The growth in major-gift revenues grew out of changes in public media development practices, recommended repeatedly by task forces and business consultants over two decades. This strategic shift in fundraising provided a safety net for public television when its membership and underwriting revenues plummeted from their dot-com era peaks. And they boosted public radio’s revenue growth during the last decade, providing income to expand newsgathering capacity and to lay the building blocks for multiplatform service strategies.
While concentrated among large licensees, the gains provide compelling evidence that a systematic focus on a strategic opportunity can have a profound impact on public-service media.
Without the concentrated efforts and investments of CPB, DEI and station leaders, the public media system would be much weaker today.
Equally important, a survey of front-line development officers indicated that the expansion of major-giving programs may be the single largest development opportunity for the decade ahead. The upside may be another $100 million opportunity, if stations and networks can reorganize their staffing and coordinate their activities for optimal impact.
Participants in this week’s Public Media Futures Forum, co-sponsored by the communication schools of American University and the University of Southern California, will brainstorm and discuss what could be the next set of game-changing strategic opportunities for public media in the decade ahead.
As I discovered in extensive interviews with public media development leaders in recent weeks, two-thirds of the professionals we contacted see strong growth potential in major-gifts fundraising and improvement in membership practices. That same group was less sanguine about the potential for growth through the improvement of “existing underwriting practices.”
To prepare for the forum and the survey of development leaders, I analyzed CPB data of public broadcasting revenue for fiscal years 1997 to 2010.
The strategic shift from reliance on audience-sensitive revenues to a more balanced model of audience-sensitive and philanthropic revenues shows up in the data that CPB itself collected through the Annual Financial Reports that each Community Service Grant recipient must file.
It is revealing to note that before 1998 CPB did not track endowment income, and it was only beginning to list major-gifts revenues as a separate line item in the 1999 reports. Before that, all individual gifts, except for capital-campaign gifts, were bundled with “subscription membership revenue” or “revenue from Friends groups.”
The revenue data reflects the realities of the system’s philanthropic fundraising: In 1998, only 85 licensees reported any endowment revenue, totaling $7.7 million. Major gift revenues were at a similarly low starting point. After a decade of major-gift and foundation cultivation, by 2010 197 licensees were reporting endowment income totaling $58.4 million.
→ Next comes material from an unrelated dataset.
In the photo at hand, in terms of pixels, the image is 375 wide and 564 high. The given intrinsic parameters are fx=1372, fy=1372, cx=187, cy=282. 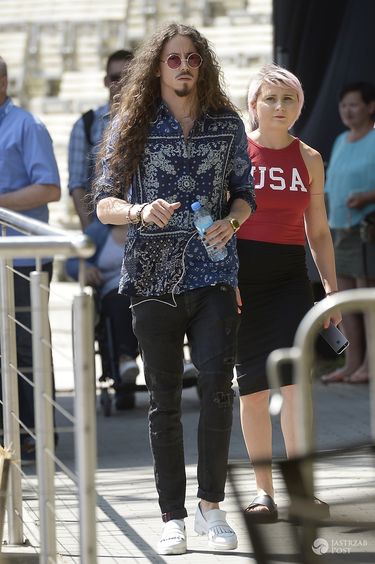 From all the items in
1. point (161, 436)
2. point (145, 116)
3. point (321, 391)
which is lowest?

In 2001, public TV’s earned revenues (from membership and corporate underwriting) had begun declining. (All figures are adjusted to 2010 dollars.) Membership income peaked at $491 million in 1999 revenues, and underwriting topped out at $347 million a year later. But as the losses accumulated over the decade, public TV stations principally in the biggest markets stabilized their operations by successfully focusing on major gifts and foundation grants.
As this was happening, large-market radio stations also expanded their fundraising portfolios with major gifts and foundation grants but without the disruptive losses in membership and underwriting income that hit public TV.
The strategic shift to philanthropic fundraising, jump-started in the late 1990s through the concerted efforts of system leaders and stations, appears to have altered the basic business model of public television.
In 1997, audience-sensitive revenue made up 35 percent of public TV’s total annual revenues; by 2010, it provided 25 percent. Philanthropic income (major gifts, endowment income and foundation support) increased from 5 percent in 1997 to 15 percent in 2010.
Looking at the decade in which CPB began tracking these revenues, from 1999 to 2010, television licensees increased annual revenue from major gifts and bequests eighteenfold, from just under $3.6 million to $66.4 million. (Both figures are adjusted to 2010 dollars and exclude capital gifts.) By 2010, endowments of TV stations, many of them built by major-gift fundraising, supplied an additional $41.0 million in annual income in 2010.
Among radio stations, major gifts grew thirteenfold from $3.6 million in fiscal 2000 to $47.4 million in 2010. Endowments at radio stations provided an additional $17.3 million in 2010.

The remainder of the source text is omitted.